§ Action item
Would you please set down the data again exactly as given, excluding the pictures?

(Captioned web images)
= = =

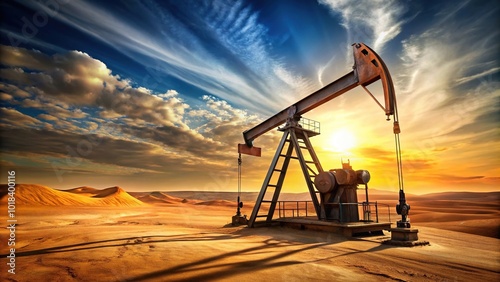 Oil rig extracting crude oil in desert background with tilted angle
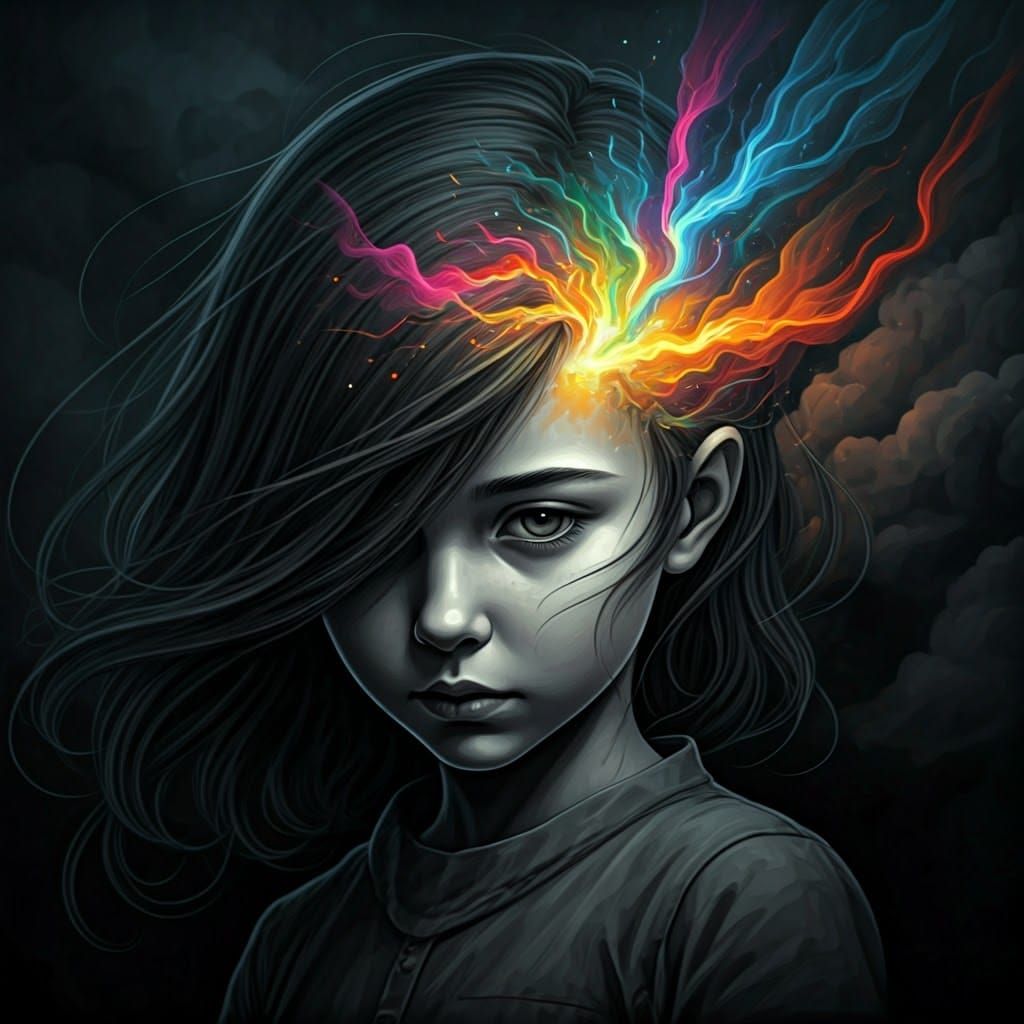 Tranquil Turmoil: A Young Girl's Inner World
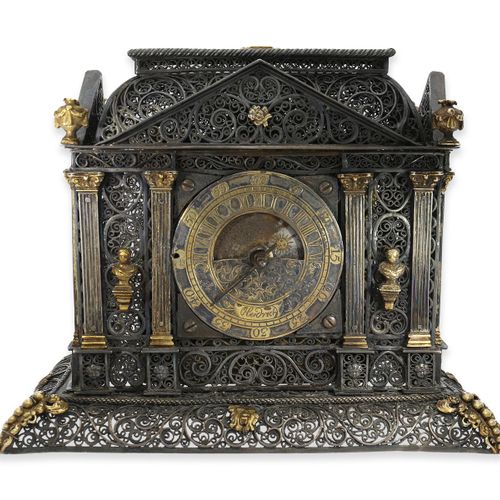 Null 台钟：博物馆式的巴洛克天文台钟，带敲击装置，马蒂亚斯-海德里希汉堡1676年出品

约。13.5 × 8.5 × 11.5厘米，特殊的表壳质量，银/金&hellip;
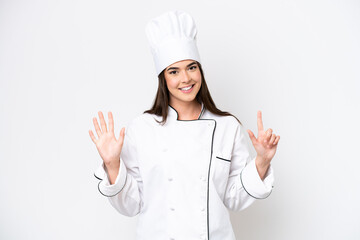 Young Brazilian chef woman isolated on white background counting seven with fingers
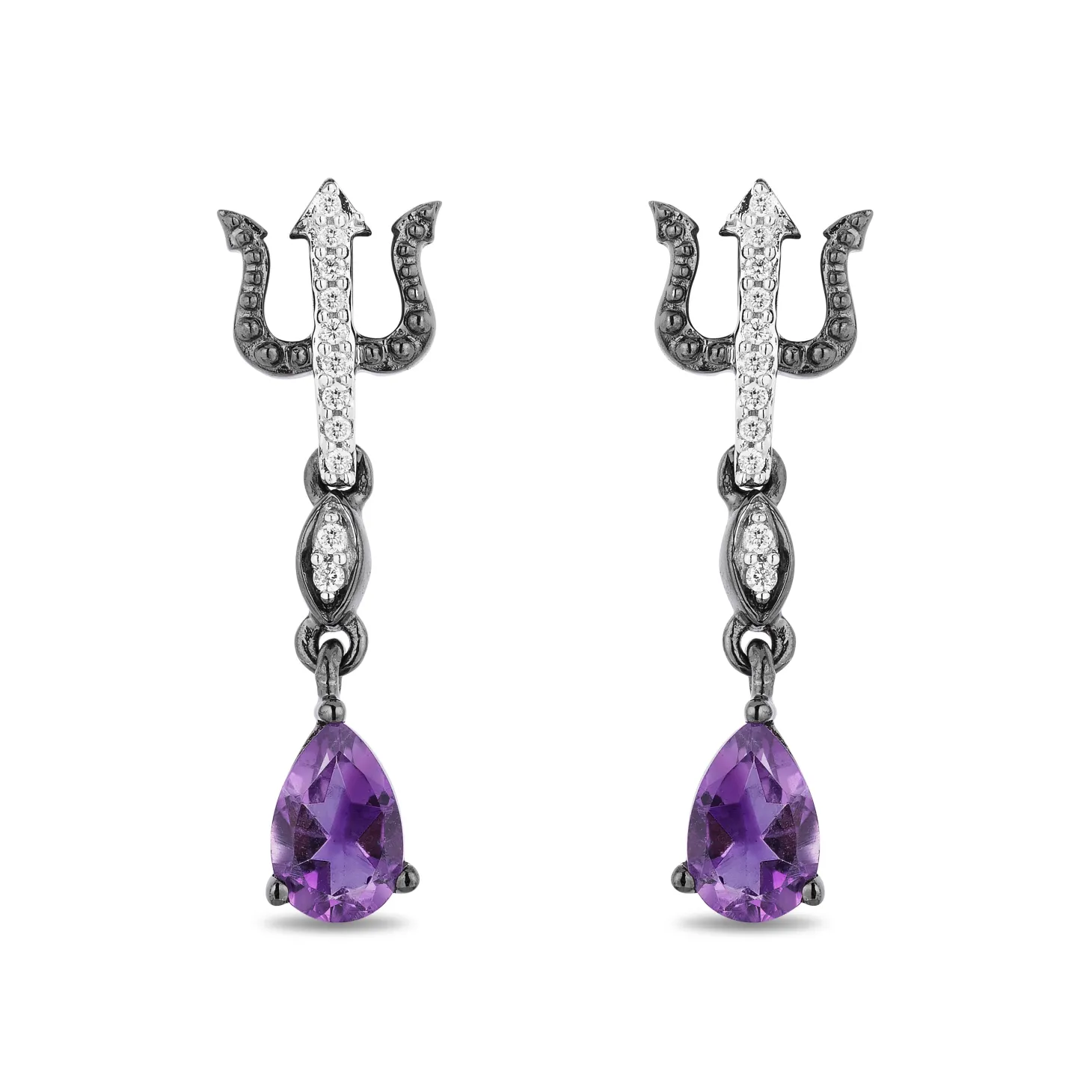 Enchanted Disney Fine Jewelry Black Rhodium over Sterling Silver with 1/20 CTTW White Diamond with Amethyst Ursula Earrings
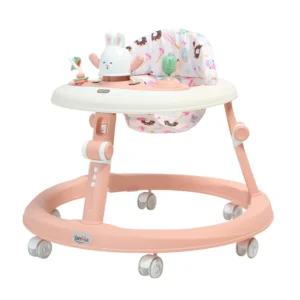 Foldable Adjustable Pink Musical Infant Baby Walker with Wheels and Seat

= = =

§ Finished exercise
 Oil rig extracting crude oil in desert background with tilted angle
 Tranquil Turmoil: A Young Girl's Inner World
 Null 台钟：博物馆式的巴洛克天文台钟，带敲击装置，马蒂亚斯-海德里希汉堡1676年出品

约。13.5 × 8.5 × 11.5厘米，特殊的表壳质量，银/金&hellip;
 Young Brazilian chef woman isolated on white background counting seven with fingers
 Enchanted Disney Fine Jewelry Black Rhodium over Sterling Silver with 1/20 CTTW White Diamond with Amethyst Ursula Earrings
 Foldable Adjustable Pink Musical Infant Baby Walker with Wheels and Seat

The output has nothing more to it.